I haven’t exactly made it a secret that I’ve been down lately. There are a lot of reasons why, ranging from the weather to global events to brain chemistry, but it’s meant that I’ve been having a hard time getting excited about anything. When the Fanbyte staff all listed our most anticipated games of 2020, I could barely muster the energy to offer up Doom Eternal as my pick.
I’m not the biggest industry cheerleader at the best of times, and I don’t think that’s a problem. What is a problem, though, is feeling like a downer. And so, to remedy this, I’ve made a dedicated effort to look for games I actually am looking forward to this year. I tried to go beyond the obvious big releases everyone’s already aware of and came up with seven titles that range from social sims to arena shooters.
If you asked my 1999 self to design the perfect Pokemon game, you might get Temtem. It’s a massively-multiplayer creature collecting and battle game that’s as close to Pokemon as you can get without being sued, though it also has some interesting diversions from the established formula, including pick and ban mechanics for competitive battles. Honestly, though? I’m most excited about the prospect of just hanging out in a Pokemon-like world with a friends in a game where you can redesign your house and dress like a skeleton.
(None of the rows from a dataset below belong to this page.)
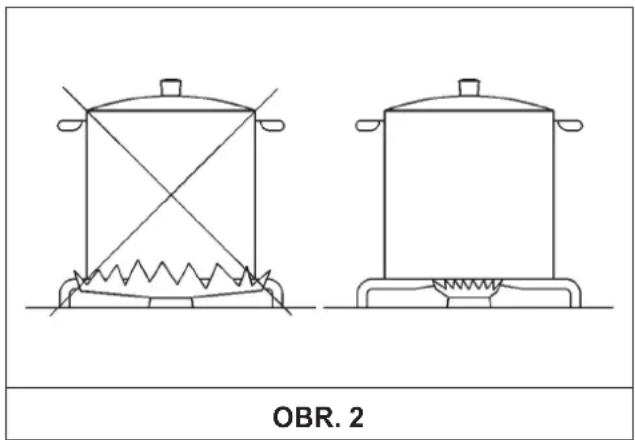 OBR. 2
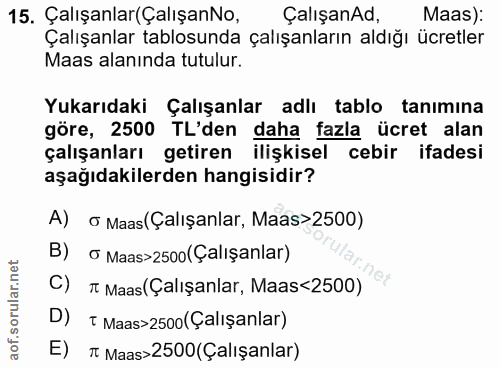 15. soru: Çalışanlar (ÇalışanNo, ÇalışanAd, Maas): Çalışanlar tablosunda çalışanların aldığı ücretler Maas alanında tutulur. Yu…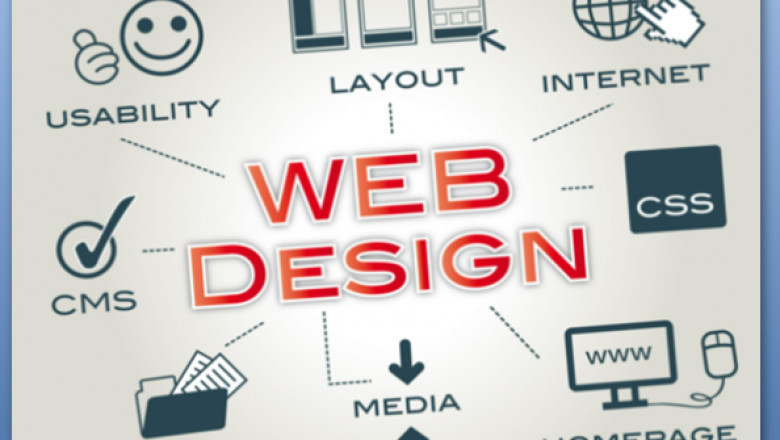 Benefits of Choosing a Website Development Company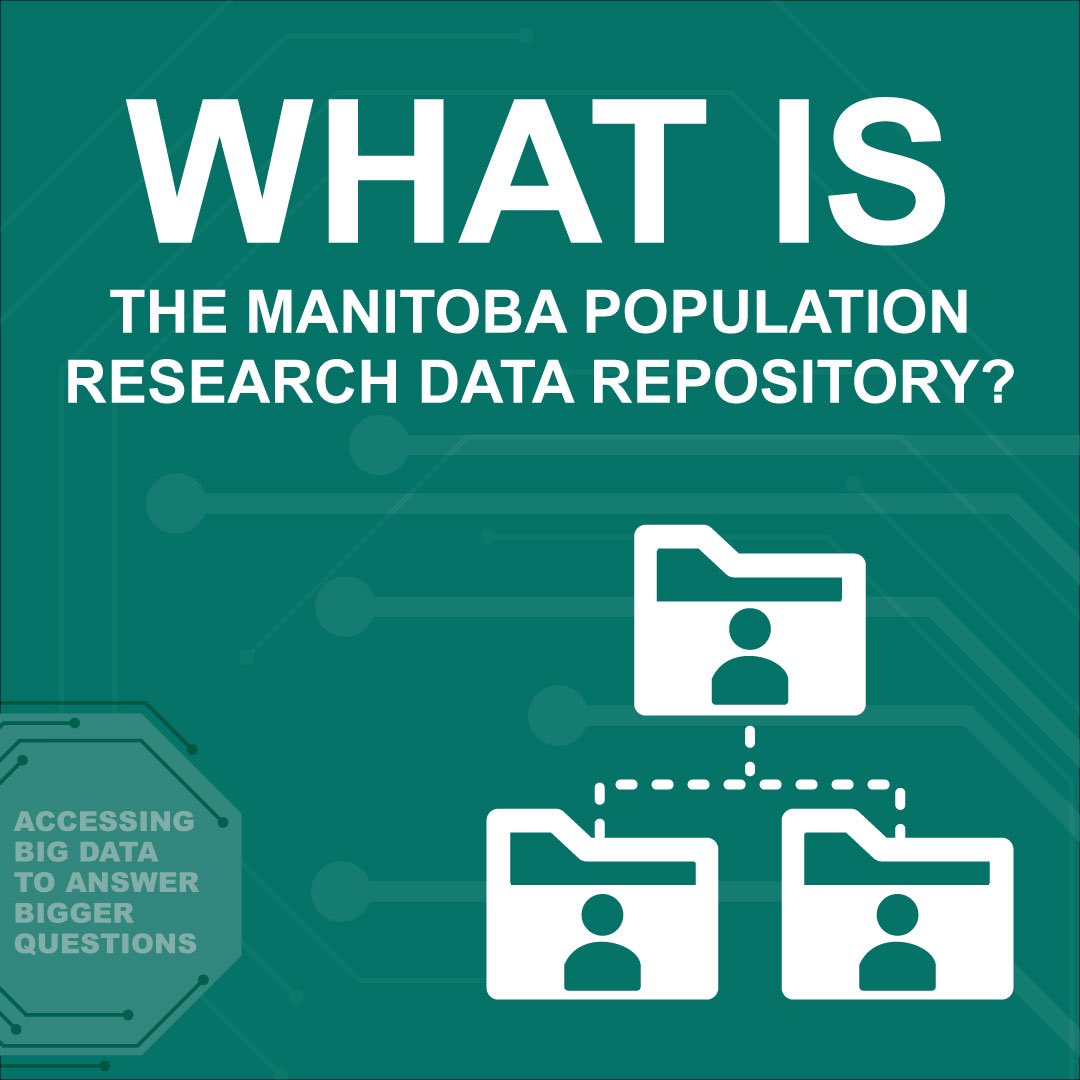 um_mchp's tweet image. MCHP houses health, education, social and family services, registries, and justice  data in the Manitoba Population Research Data Repository. This data is used for a wide variety of research projects with the goal of improving the health and social well-being of Manitobans 1/🧵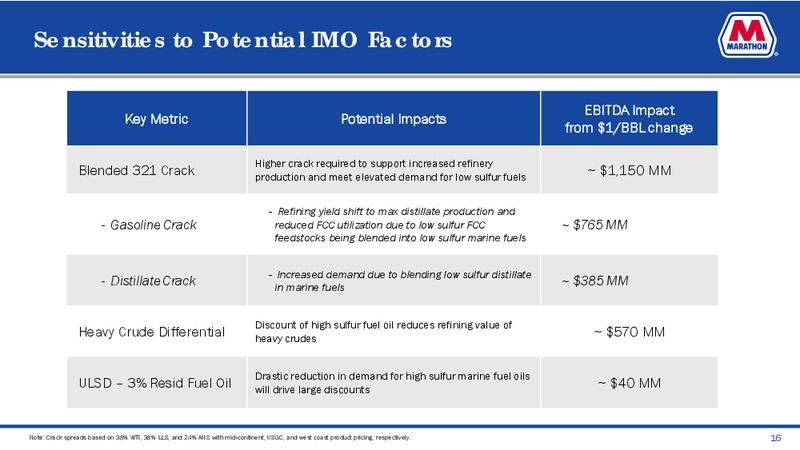 June 2019 Investor Presentation – MPLX Lp – slide 14
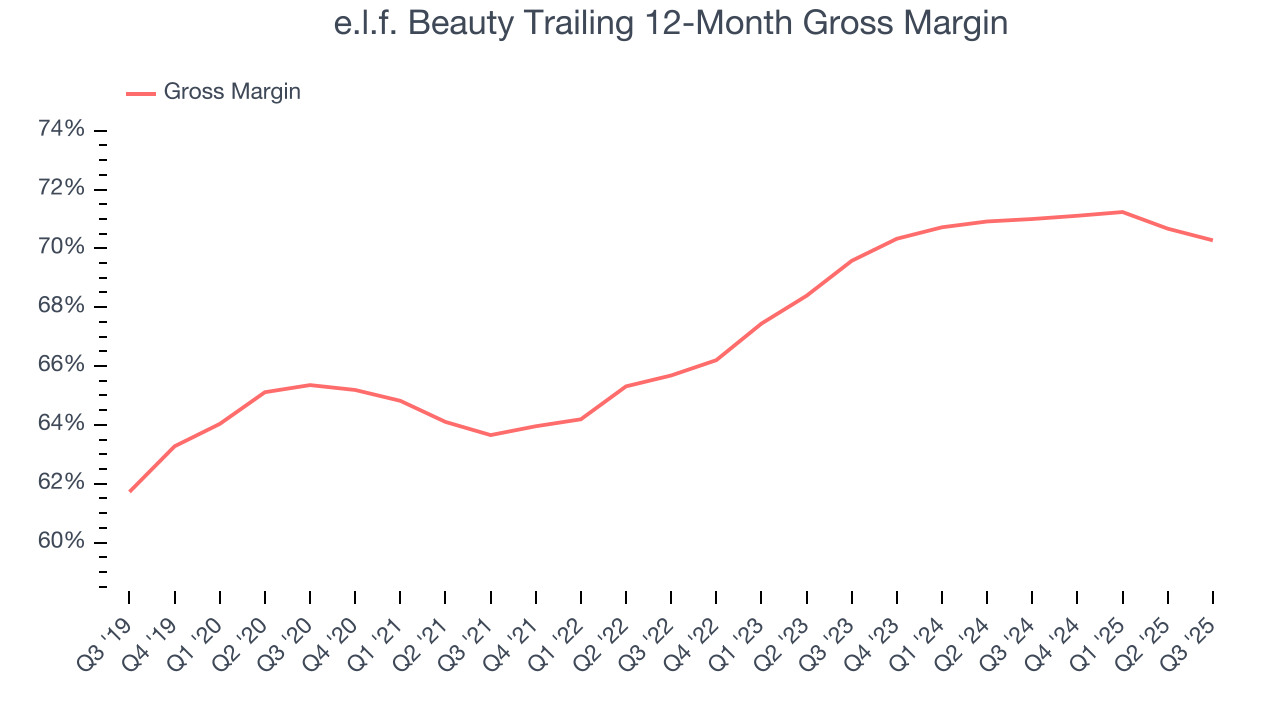 e.l.f. Beauty Trailing 12-Month Gross Margin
Looking at screenshots of Eastward releases The Good Chemicals in my brain, the ones associated with the dark, lush 16-bit forests and caves of my childhood. This game just looks so fucking warm and I want to nestle into it and take a nap. Eastward doesn’t have a release date yet, but I’m hoping that it’ll come out this year.
After Supraland reignited my love for first-person puzzle games, I’m very much ready for Lightmatter. It has a beautifully-simple premise — shadows kill you — and a stark, high-contrast art style that sets it apart from more realistic-looking games in the genre. Hitman‘s Agent 47 himself, David Bateson, stars as the requisite disembodied voice leading you through the experience.
4. Garden Story
It’s Stardew Valley but everyone is an achingly-cute anthropomorphic fruit (or a frog). If the art style looks familiar, that’s probably because you’ve seen the work of the game’s multi-talented creator picogram on Twitter.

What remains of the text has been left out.